A Sunday roast of some type, a chicken, pork loin, pot roast. Oven roasted or mashed potatoes, pan gravy, a vegetable, cabbage salad, fresh baked rolls and apple crisp.  This type of meal contains lots of lessons.

Sunday gravy, braciole, pasta, hot Italian bread, salad and biscuit tortoni.

Every meal can be a cooking lesson that takes a couple of hours to make with a novice cook.  Pancakes and sausage takes some time to get right and can be expanded on if you make your own sausage from ground pork and spices etc...

I would say just relax and enjoy each others company.  As long as one of you can cook everything will be fine.


----------



## geoffism

I should clarify a couple of things. I don't have any of those types of dishes that im passionate about b/c I didn't eat that great when i was a kid.

The whole plan is to find something I can be passionate about and most likely I will be doing several test runs with mom first so I will tell how i was a kid and cooking with mom even though im 30 heh.

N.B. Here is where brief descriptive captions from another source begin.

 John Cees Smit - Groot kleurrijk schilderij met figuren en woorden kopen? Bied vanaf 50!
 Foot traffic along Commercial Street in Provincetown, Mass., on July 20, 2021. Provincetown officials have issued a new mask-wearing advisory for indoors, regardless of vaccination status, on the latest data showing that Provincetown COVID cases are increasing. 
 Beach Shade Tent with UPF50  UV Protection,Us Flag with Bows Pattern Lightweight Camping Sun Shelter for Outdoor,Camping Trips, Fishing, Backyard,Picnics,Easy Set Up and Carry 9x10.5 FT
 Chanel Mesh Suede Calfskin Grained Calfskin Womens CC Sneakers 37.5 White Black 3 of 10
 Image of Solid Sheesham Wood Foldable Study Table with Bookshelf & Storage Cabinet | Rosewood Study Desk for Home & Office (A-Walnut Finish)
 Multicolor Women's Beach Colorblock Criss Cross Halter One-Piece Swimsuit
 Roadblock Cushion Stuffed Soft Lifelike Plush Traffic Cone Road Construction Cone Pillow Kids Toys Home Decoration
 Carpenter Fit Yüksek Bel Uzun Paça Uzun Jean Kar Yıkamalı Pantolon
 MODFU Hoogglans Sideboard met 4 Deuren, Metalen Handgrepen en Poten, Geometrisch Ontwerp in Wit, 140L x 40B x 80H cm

Another part to this is I might meet someone along the way if my ingredients are interesting enough like when I was at the checkout counter buying passion fruit. She asked whats that and just like that i got a date because of passion fruit creme brulee 

I am in michigan so not to exotic I dont mind driving a couple hours to get that perfect ingredient to WOW



Appreciate it all


----------



## Aunt Bea

So it is a trap. 

I'm not sure how you find something to be passionate about, all of my passions sort of found me.

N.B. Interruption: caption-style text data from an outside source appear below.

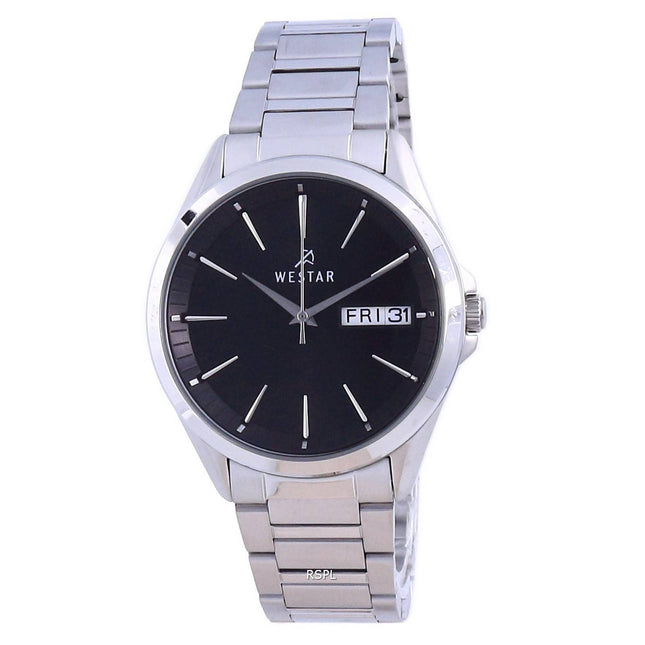 Westar Black Dial Stainless Steel Quartz 50212 STN 103 Men's Watch
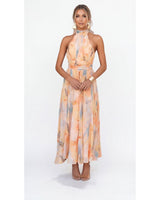 ESTHER | Watercolour-Style Halter Dress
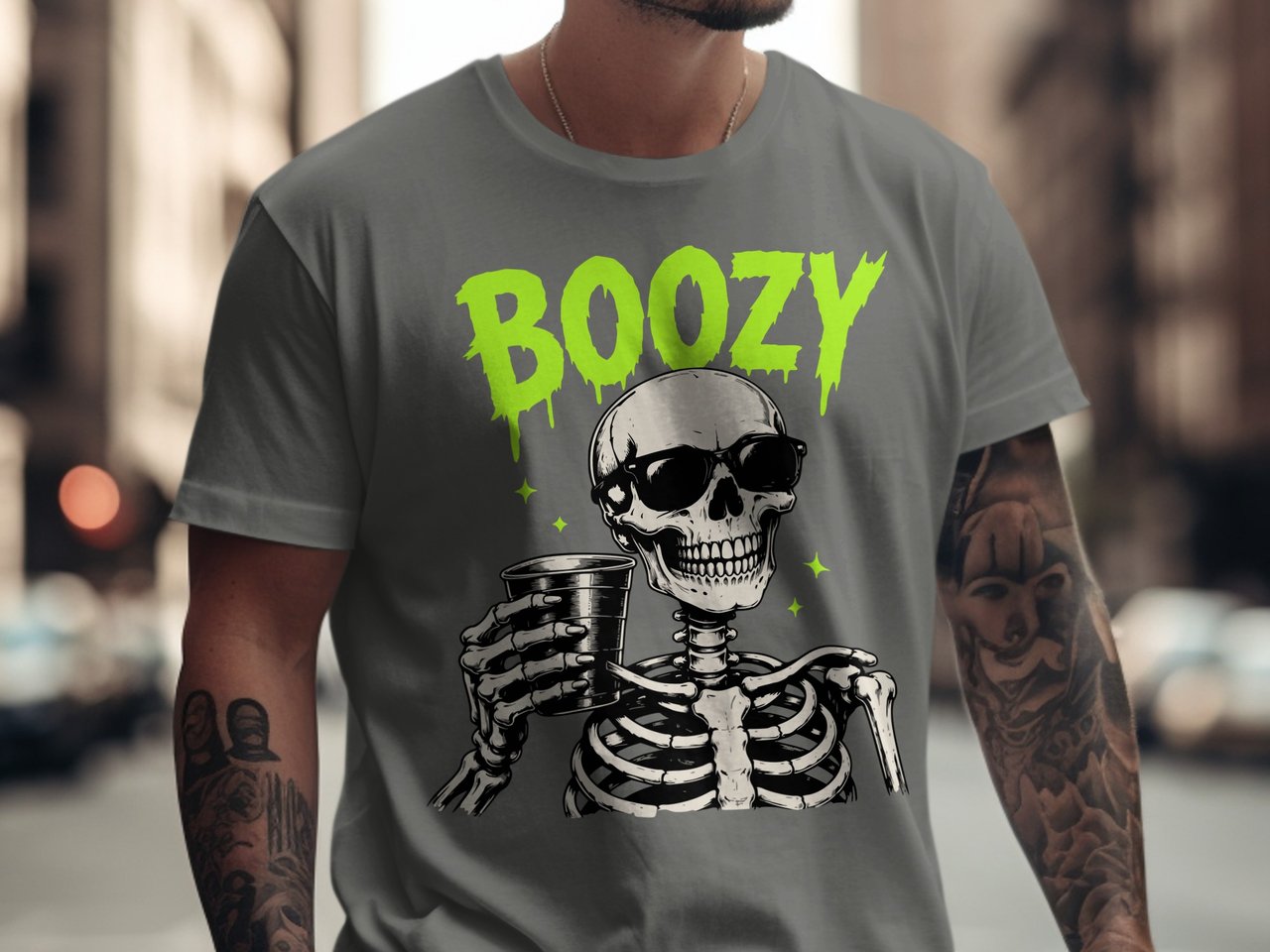 Boozy Skeleton T-Shirt Funny Halloween Drinking Tee | Spooky Party Vibes Skull Shirt | Retro Graphic Tee Gift for Him Her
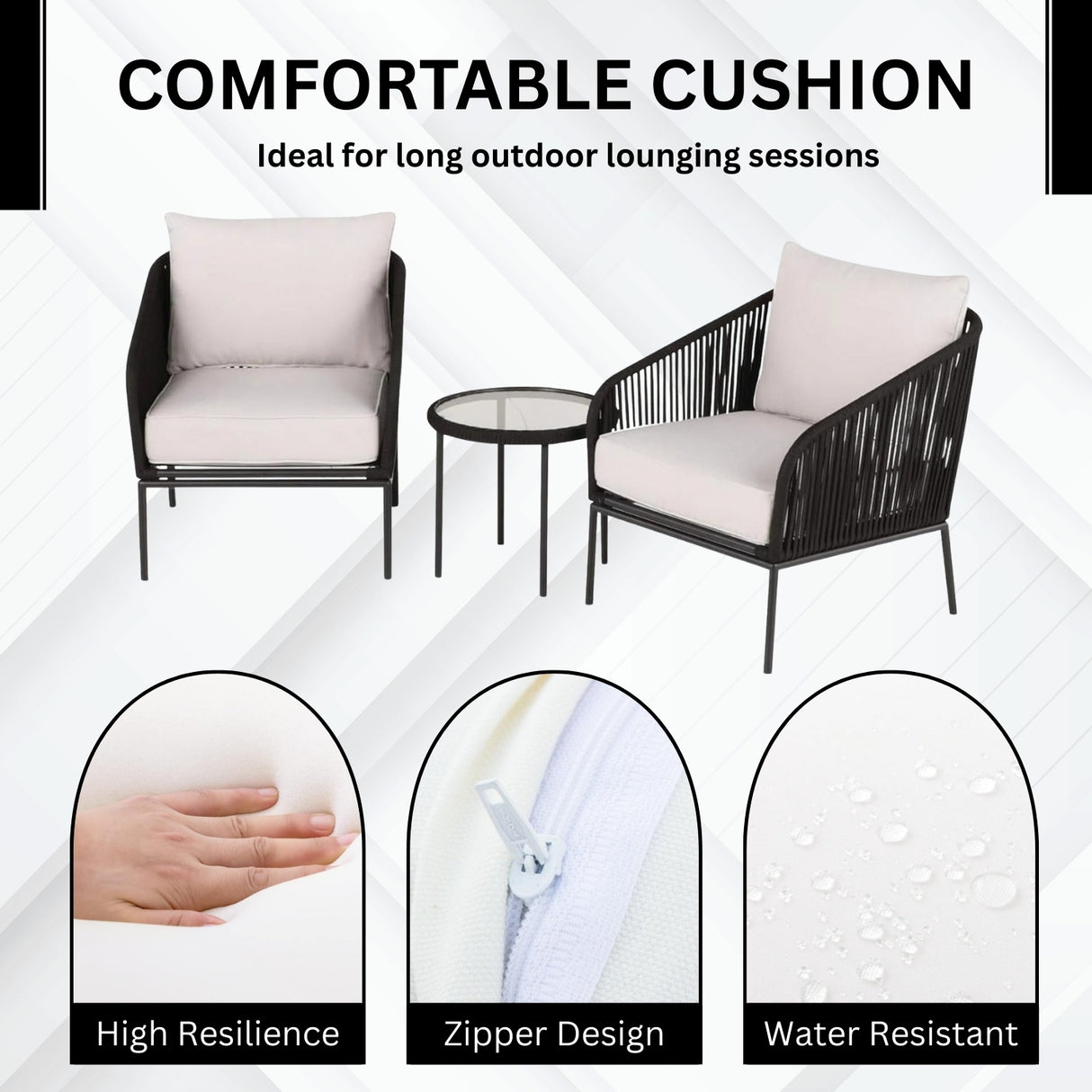 3 Piece Outdoor Rope Bistro Set (Black & White)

Maybe you could start with the food at your favorite restaurant and try recreating those meals in your kitchen.

or you could try roaming around the market with one of these in your trolley.







Good luck!!!


----------



## Dawgluver

Picking up girls at the grocery store, way to go!

Prepare a big salad together, a nice seared steak, a glass of wine, a stuffed baked potato, another glass of wine, some other type of vegetable, maybe roasted cauliflower or broccoli, a nice dessert, maybe Tira Misu, another glass of wine.


----------



## Kayelle

Ha, so you don't have any particular girl in mind yet? A lot depends on the girl so maybe you're getting ahead of yourself. 

Do you cook, and if so, what do you like to make? What's your favorite meal either at home or in a restaurant? 
If you like something like an Italian dinner for example, become an expert at making the perfect pasta sauce. Sauce making can take a long time.


----------



## GotGarlic

geoffism said:


> The whole plan is to find something I can be passionate about and most likely I will be doing several test runs with mom first so I will tell how i was a kid and cooking with mom even though im 30 heh.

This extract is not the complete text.